## Your objective
The data follows this line. Copy verbatim the line with "Eine Frau in" and each line after it to the end.

.....

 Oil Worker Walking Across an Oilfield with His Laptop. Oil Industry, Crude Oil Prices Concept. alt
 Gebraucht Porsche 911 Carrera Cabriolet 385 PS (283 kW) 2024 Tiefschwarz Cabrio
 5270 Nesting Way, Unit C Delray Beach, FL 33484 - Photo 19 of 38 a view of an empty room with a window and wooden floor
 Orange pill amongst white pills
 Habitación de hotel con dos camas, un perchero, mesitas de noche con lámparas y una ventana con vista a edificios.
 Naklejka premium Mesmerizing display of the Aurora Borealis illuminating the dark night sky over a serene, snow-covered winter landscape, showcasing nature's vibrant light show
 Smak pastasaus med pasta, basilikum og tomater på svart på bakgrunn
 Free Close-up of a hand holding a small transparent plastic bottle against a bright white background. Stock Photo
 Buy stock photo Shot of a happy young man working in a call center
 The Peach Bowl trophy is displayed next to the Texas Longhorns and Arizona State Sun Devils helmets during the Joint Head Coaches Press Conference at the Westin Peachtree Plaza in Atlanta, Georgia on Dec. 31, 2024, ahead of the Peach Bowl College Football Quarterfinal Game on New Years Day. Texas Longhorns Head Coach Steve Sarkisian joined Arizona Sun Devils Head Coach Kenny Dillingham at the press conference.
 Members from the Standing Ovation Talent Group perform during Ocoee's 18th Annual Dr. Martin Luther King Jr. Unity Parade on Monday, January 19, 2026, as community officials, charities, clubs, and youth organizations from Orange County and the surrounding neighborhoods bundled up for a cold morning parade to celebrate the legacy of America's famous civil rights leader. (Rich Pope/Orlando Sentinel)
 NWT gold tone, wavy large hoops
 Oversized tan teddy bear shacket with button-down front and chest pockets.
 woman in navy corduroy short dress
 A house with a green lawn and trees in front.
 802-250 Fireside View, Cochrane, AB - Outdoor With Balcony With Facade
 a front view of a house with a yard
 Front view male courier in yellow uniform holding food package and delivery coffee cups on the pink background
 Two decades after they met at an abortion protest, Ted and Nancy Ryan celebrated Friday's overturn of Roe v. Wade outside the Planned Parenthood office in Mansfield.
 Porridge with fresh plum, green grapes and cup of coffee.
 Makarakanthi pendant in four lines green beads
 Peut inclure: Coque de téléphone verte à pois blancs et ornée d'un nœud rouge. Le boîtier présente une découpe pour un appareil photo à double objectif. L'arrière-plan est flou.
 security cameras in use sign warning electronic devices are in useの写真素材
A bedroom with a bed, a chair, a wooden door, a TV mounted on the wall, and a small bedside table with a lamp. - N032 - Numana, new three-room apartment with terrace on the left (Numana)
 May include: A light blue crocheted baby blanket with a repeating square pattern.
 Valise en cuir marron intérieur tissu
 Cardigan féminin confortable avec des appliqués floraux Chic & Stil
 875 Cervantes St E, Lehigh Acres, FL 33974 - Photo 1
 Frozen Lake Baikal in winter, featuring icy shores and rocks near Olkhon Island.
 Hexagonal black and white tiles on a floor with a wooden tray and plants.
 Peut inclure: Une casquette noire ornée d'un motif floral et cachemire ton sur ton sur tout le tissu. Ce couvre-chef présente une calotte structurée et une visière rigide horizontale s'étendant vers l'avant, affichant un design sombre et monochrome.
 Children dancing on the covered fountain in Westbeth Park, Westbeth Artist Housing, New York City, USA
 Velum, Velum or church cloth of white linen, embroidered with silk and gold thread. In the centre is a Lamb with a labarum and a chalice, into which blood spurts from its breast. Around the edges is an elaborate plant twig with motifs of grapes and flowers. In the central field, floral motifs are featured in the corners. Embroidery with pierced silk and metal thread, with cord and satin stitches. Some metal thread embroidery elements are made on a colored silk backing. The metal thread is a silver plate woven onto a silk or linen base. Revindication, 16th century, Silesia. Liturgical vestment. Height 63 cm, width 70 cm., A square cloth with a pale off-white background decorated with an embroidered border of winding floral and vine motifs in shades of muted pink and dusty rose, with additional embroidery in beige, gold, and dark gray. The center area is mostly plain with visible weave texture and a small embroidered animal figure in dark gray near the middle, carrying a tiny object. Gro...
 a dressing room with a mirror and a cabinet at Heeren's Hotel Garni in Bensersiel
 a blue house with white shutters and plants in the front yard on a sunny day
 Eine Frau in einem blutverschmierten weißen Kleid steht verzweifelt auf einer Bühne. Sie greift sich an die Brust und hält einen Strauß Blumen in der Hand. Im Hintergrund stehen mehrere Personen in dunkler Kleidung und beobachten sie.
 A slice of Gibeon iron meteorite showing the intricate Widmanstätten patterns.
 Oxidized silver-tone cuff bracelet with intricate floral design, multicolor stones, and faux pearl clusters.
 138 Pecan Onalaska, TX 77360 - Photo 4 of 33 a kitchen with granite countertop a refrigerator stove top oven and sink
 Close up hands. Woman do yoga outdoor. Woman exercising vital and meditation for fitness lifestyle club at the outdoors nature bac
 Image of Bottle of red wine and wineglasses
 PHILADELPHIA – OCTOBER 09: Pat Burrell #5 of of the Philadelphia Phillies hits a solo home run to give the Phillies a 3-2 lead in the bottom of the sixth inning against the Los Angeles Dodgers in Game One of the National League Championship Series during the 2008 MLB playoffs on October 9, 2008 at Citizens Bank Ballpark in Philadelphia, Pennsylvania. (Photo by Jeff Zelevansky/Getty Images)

.....

## Result for this exercise
 Eine Frau in einem blutverschmierten weißen Kleid steht verzweifelt auf einer Bühne. Sie greift sich an die Brust und hält einen Strauß Blumen in der Hand. Im Hintergrund stehen mehrere Personen in dunkler Kleidung und beobachten sie.
 A slice of Gibeon iron meteorite showing the intricate Widmanstätten patterns.
 Oxidized silver-tone cuff bracelet with intricate floral design, multicolor stones, and faux pearl clusters.
 138 Pecan Onalaska, TX 77360 - Photo 4 of 33 a kitchen with granite countertop a refrigerator stove top oven and sink
 Close up hands. Woman do yoga outdoor. Woman exercising vital and meditation for fitness lifestyle club at the outdoors nature bac
 Image of Bottle of red wine and wineglasses
 PHILADELPHIA – OCTOBER 09: Pat Burrell #5 of of the Philadelphia Phillies hits a solo home run to give the Phillies a 3-2 lead in the bottom of the sixth inning against the Los Angeles Dodgers in Game One of the National League Championship Series during the 2008 MLB playoffs on October 9, 2008 at Citizens Bank Ballpark in Philadelphia, Pennsylvania. (Photo by Jeff Zelevansky/Getty Images)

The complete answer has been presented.